--- What you have to do ---
From the line that contains "29 CANTERBURY SQUARE 201" through the closing line of the entries, write out each line exactly; pictures stay out.

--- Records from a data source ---
* * * *
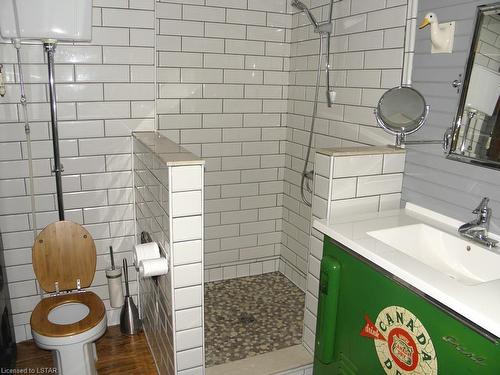 6381 West Parkway Drive, Lambton Shores, ON - Indoor Photo Showing Bathroom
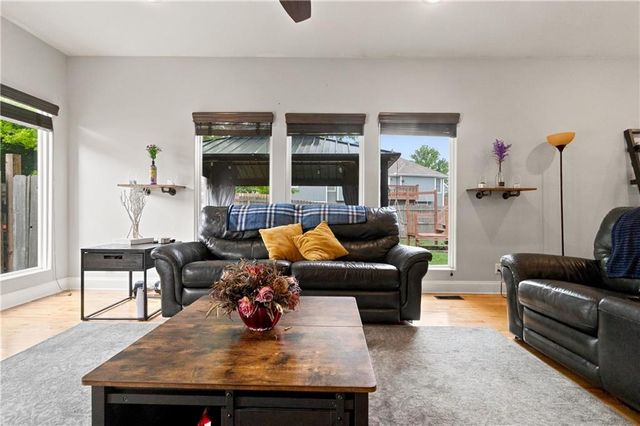 1820 N 160th Street, Basehor, KS 66007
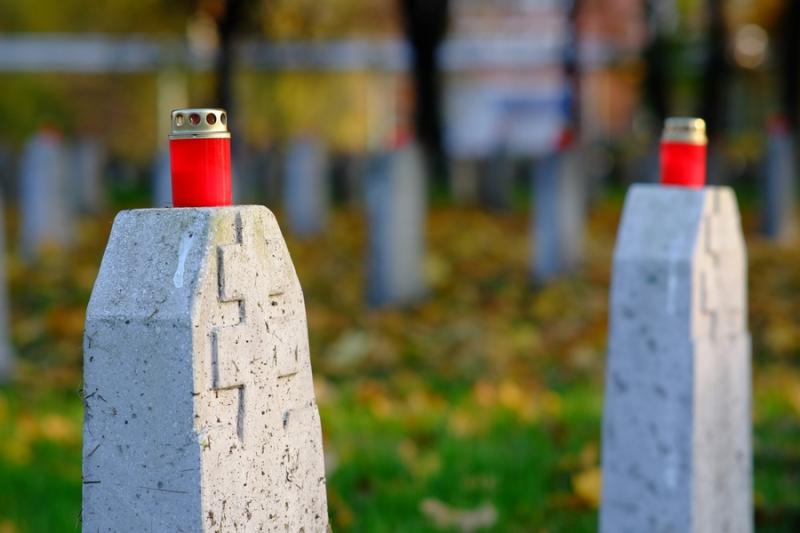 Mécsesgyújtás a Hősök temetőjében 2022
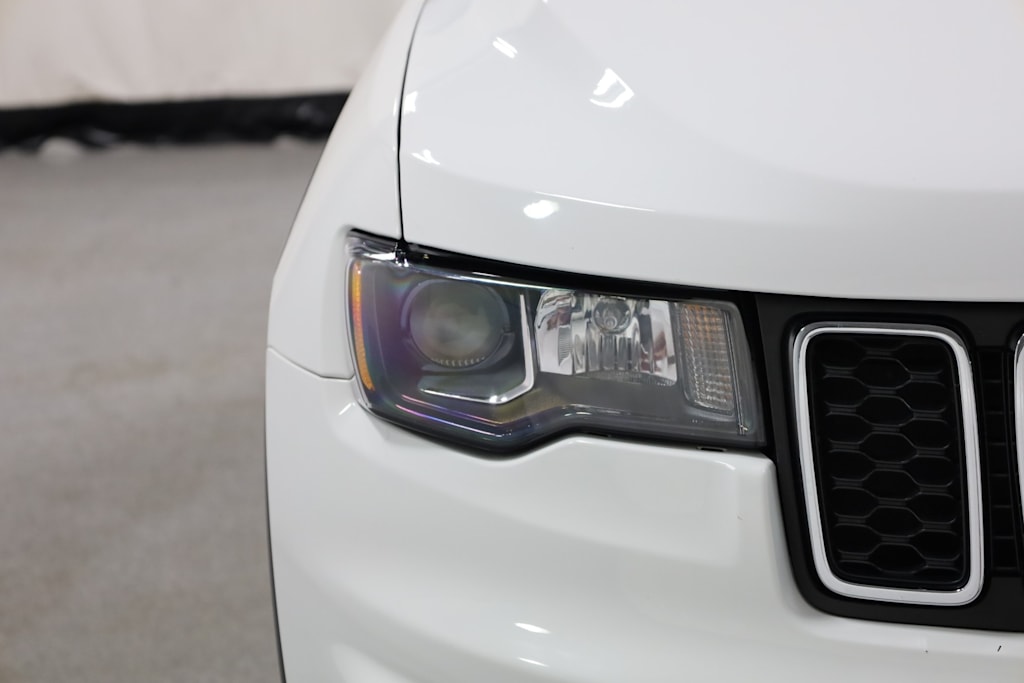 Thumbnail: 2021 Jeep Grand Cherokee - 25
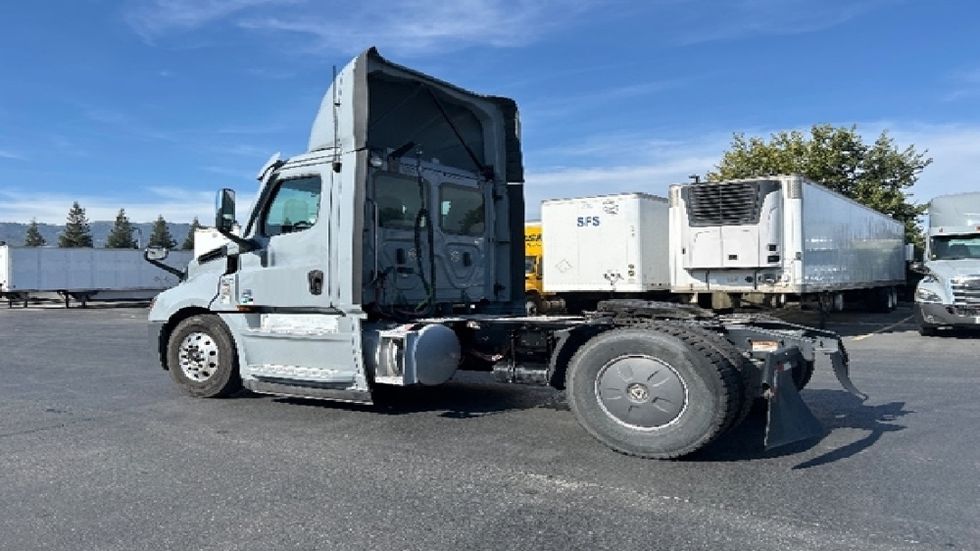 Day Cab Tractor-Heavy Duty Tractors-Freightliner-2020-T12642ST-West Sacramento-CA-398,941\n\t\tmiles-$ 42,500 - Image 5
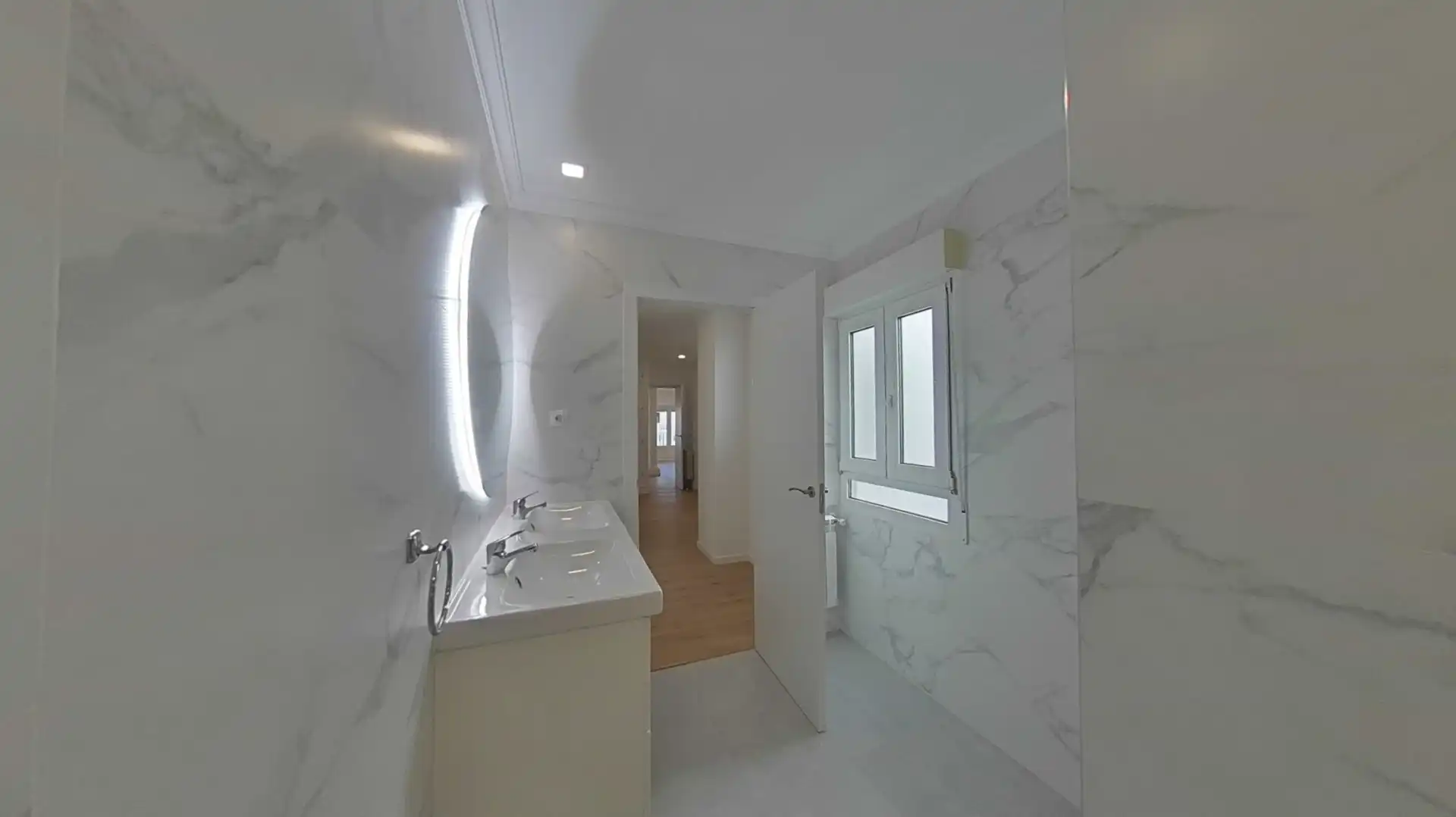 Badezimmer von Wohnung zum Verkauf in Madrid mit Heizung, Terrasse und Ofen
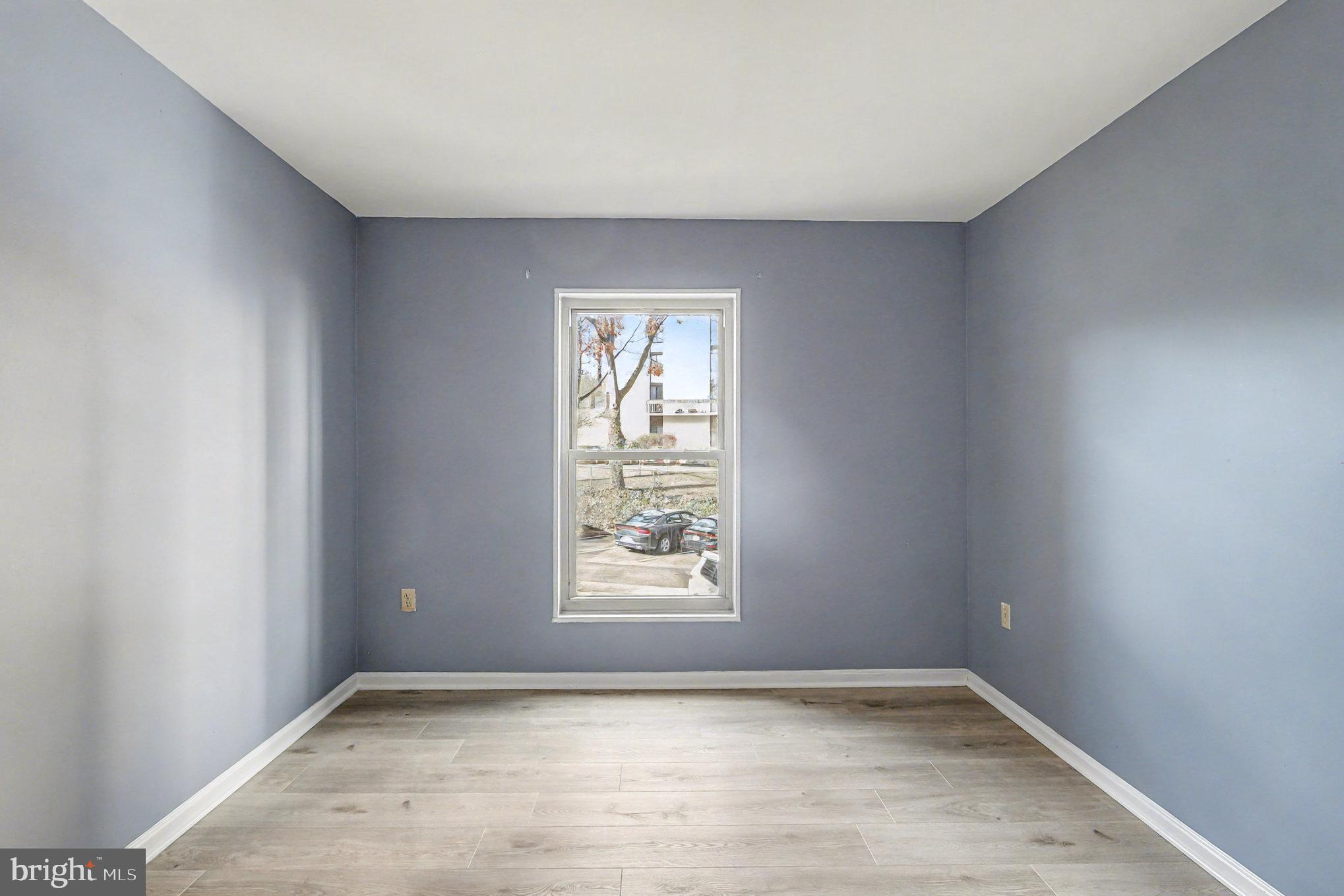 29 CANTERBURY SQUARE 201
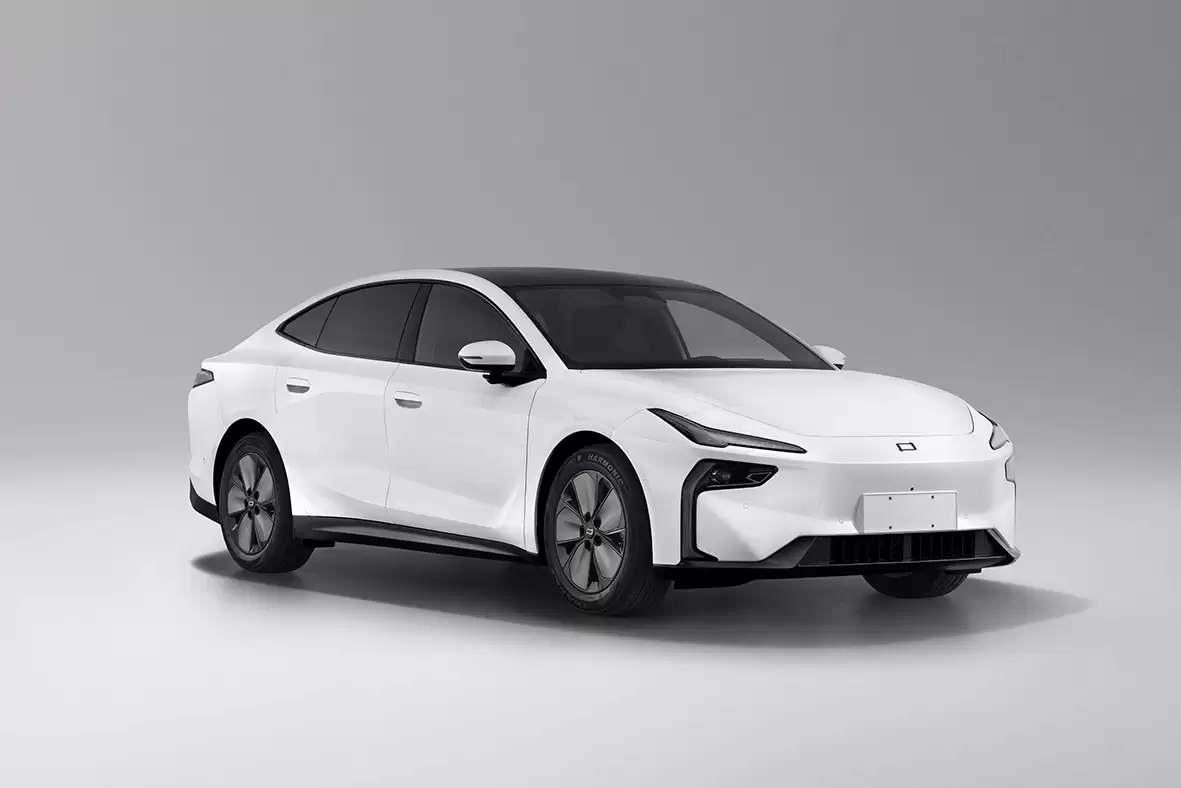 一汽奔腾首款纯电中大型轿车越意 08 申报:外观简洁,配备“FAW”尾标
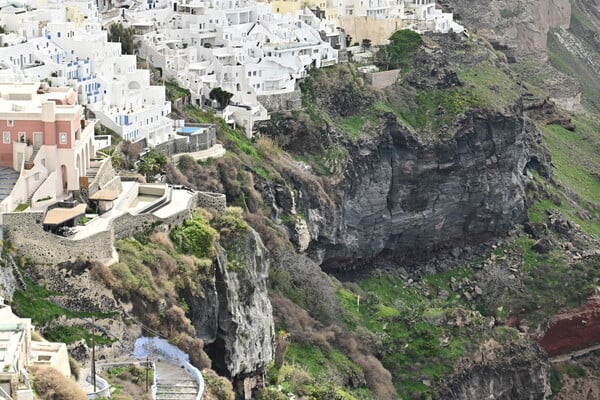 Παπαζάχος για Σαντορίνη: Οι σεισμοί θα συνεχιστούν για εβδομάδες ή και μήνες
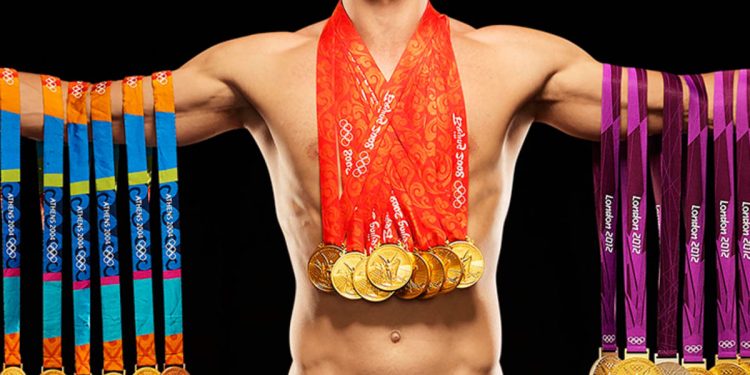 Майкл Фелпс олимпийн наадмаас  хүртсэн медалийн тоогоор бүх цаг үеийн тамирчдыг тэргүүлдэг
* * * *
--- Output ---
 29 CANTERBURY SQUARE 201
 一汽奔腾首款纯电中大型轿车越意 08 申报:外观简洁,配备“FAW”尾标
 Παπαζάχος για Σαντορίνη: Οι σεισμοί θα συνεχιστούν για εβδομάδες ή και μήνες
 Майкл Фелпс олимпийн наадмаас  хүртсэн медалийн тоогоор бүх цаг үеийн тамирчдыг тэргүүлдэг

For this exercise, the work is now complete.